Exercise description — Reading the records below, count the lines in which the string "bird" appears; write the number only.
==== Stored data
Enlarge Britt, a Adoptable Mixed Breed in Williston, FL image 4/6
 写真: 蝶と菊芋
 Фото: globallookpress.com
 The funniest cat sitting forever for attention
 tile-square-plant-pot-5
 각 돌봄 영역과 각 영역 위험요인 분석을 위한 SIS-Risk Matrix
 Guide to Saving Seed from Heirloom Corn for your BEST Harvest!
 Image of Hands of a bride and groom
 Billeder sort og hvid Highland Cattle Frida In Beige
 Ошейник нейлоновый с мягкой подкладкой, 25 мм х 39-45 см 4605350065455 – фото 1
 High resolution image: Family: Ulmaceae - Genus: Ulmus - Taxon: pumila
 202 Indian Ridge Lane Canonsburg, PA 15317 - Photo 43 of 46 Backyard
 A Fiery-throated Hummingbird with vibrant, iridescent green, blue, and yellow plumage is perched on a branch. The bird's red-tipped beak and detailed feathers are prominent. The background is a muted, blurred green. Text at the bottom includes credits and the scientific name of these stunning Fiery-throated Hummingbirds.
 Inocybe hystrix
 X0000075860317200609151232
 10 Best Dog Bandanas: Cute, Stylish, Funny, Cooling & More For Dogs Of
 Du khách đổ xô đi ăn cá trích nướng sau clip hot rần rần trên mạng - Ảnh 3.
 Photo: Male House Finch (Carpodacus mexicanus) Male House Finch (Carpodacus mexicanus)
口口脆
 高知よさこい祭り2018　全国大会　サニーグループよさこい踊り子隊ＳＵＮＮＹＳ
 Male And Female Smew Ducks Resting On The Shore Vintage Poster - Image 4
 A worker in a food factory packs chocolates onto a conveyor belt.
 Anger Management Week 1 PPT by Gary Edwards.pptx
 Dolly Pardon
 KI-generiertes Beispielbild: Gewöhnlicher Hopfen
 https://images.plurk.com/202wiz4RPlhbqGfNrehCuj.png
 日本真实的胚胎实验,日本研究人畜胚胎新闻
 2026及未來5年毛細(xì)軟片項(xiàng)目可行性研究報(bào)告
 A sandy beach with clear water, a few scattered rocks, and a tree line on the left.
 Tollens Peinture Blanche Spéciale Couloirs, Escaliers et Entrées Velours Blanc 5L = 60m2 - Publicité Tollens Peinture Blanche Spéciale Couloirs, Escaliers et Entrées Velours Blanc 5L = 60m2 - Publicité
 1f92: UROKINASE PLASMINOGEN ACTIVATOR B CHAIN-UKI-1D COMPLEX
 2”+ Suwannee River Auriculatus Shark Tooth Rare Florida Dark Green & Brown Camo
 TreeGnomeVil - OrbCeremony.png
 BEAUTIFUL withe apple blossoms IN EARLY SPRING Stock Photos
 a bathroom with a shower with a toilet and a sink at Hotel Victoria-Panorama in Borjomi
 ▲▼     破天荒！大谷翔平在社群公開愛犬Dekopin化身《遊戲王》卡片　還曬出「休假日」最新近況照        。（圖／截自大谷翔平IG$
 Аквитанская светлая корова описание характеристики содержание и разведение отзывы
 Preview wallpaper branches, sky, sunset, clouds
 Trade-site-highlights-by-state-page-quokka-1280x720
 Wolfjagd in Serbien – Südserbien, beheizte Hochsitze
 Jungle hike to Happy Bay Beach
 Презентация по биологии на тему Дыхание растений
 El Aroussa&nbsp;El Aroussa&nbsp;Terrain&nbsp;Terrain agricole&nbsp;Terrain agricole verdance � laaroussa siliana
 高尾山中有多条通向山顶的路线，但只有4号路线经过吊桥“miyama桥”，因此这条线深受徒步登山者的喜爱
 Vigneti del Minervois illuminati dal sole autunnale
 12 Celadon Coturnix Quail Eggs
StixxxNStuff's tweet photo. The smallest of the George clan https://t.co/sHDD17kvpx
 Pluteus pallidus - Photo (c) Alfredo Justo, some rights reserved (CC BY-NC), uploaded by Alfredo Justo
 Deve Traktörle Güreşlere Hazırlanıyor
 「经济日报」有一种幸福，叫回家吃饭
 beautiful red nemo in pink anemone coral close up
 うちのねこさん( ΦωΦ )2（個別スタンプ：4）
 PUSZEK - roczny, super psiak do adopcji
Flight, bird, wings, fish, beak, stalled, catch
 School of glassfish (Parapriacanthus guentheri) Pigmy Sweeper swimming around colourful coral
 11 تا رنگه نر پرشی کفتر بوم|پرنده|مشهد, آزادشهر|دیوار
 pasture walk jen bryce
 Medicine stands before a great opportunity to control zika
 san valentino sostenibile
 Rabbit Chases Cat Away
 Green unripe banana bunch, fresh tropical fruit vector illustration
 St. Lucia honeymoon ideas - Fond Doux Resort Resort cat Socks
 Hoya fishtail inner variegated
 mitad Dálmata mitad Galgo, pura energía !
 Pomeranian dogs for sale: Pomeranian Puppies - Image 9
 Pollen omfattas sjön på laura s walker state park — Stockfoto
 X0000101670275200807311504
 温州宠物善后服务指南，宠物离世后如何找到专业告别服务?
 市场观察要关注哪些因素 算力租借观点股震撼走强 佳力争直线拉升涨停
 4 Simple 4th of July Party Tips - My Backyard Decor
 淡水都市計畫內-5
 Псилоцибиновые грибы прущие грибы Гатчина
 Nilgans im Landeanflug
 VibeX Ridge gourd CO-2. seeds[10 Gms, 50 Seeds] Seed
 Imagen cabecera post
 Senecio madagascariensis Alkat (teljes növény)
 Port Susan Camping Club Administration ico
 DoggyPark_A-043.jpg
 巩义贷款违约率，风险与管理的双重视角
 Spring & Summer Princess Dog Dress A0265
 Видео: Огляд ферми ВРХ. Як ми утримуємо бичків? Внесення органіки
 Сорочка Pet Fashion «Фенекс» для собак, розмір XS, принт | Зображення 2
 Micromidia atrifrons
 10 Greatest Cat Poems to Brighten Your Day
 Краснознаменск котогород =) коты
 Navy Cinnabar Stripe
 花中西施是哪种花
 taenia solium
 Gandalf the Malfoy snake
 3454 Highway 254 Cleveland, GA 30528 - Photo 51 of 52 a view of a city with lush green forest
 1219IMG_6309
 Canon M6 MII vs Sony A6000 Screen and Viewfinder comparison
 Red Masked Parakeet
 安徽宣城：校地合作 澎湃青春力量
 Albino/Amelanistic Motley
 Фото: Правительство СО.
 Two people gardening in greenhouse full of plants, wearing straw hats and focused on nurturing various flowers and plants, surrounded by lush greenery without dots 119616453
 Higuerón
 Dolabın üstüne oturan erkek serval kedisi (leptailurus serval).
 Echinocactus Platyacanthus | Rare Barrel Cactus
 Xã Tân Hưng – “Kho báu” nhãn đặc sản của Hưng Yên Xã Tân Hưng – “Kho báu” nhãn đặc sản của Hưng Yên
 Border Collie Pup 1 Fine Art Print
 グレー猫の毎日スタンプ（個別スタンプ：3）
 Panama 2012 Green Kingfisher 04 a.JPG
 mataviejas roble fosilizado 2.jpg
========
Task answer — 2